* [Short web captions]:
• • • • • • •
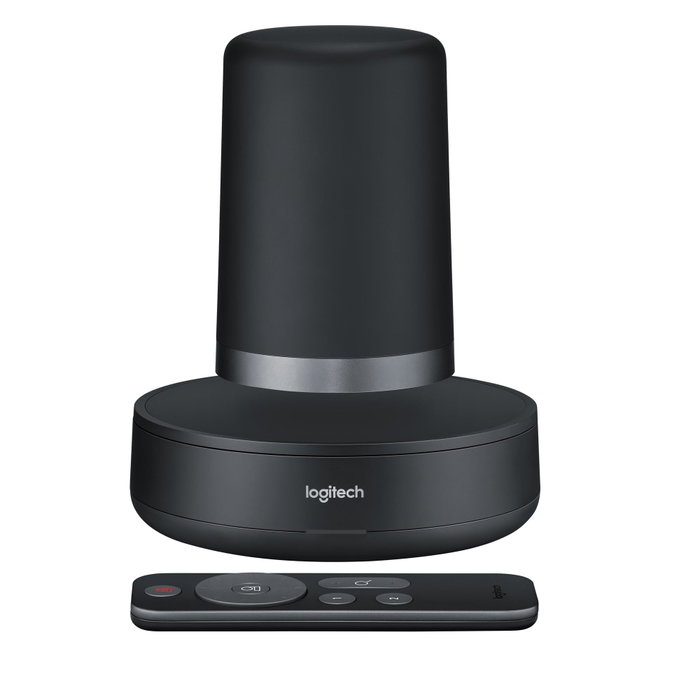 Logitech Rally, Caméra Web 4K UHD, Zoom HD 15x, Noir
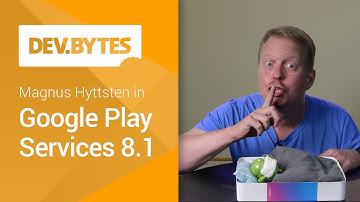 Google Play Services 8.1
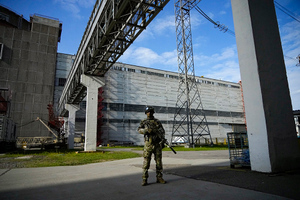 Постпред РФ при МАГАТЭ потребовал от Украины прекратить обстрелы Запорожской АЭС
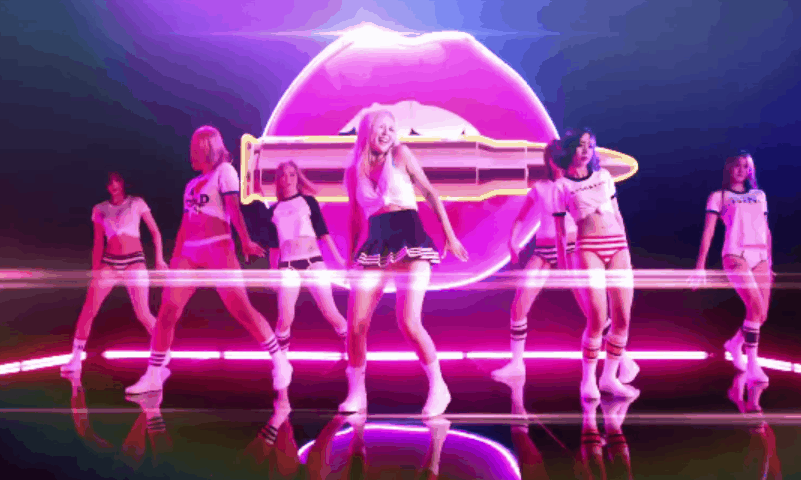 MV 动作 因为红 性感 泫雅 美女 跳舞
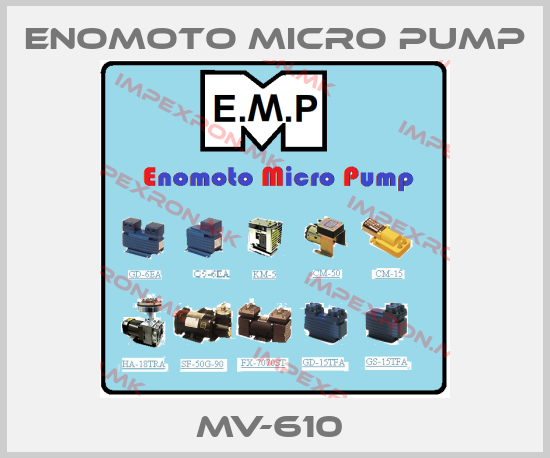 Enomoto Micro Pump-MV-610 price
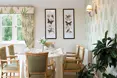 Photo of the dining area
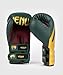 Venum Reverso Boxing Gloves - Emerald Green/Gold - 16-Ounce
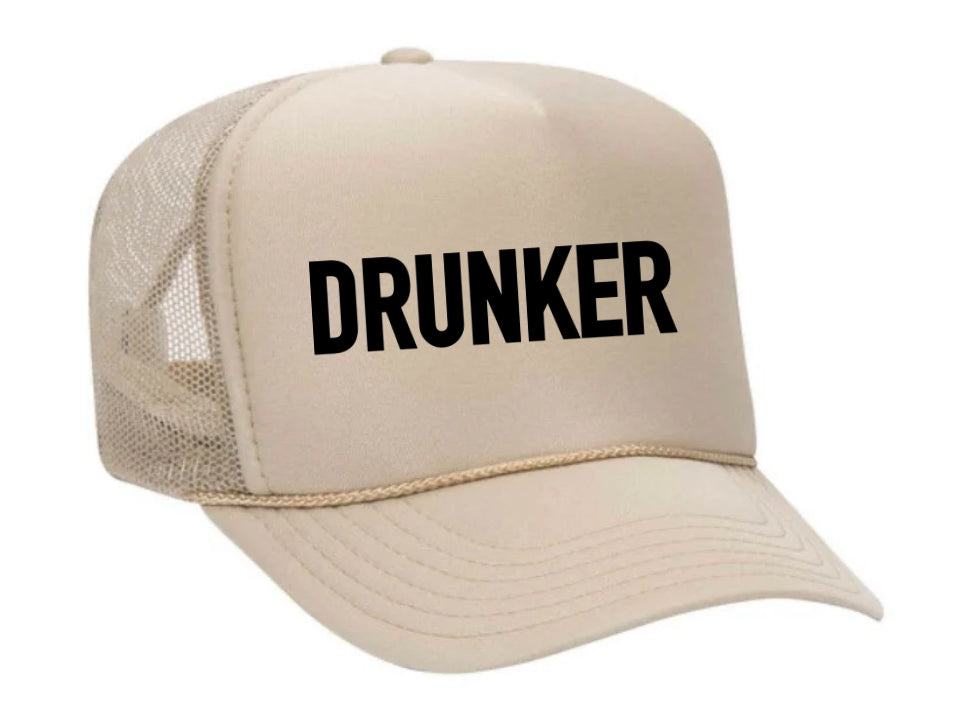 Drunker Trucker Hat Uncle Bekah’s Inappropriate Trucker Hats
• • • • • • •
Leave out all pictures and retype precisely the lines that run from the line containing "Google Play Services 8.1" to the last line of the records.

* [Exercise result]:
 Google Play Services 8.1
 Постпред РФ при МАГАТЭ потребовал от Украины прекратить обстрелы Запорожской АЭС
 MV 动作 因为红 性感 泫雅 美女 跳舞
 Enomoto Micro Pump-MV-610 price
 Photo of the dining area
 Venum Reverso Boxing Gloves - Emerald Green/Gold - 16-Ounce
 Drunker Trucker Hat Uncle Bekah’s Inappropriate Trucker Hats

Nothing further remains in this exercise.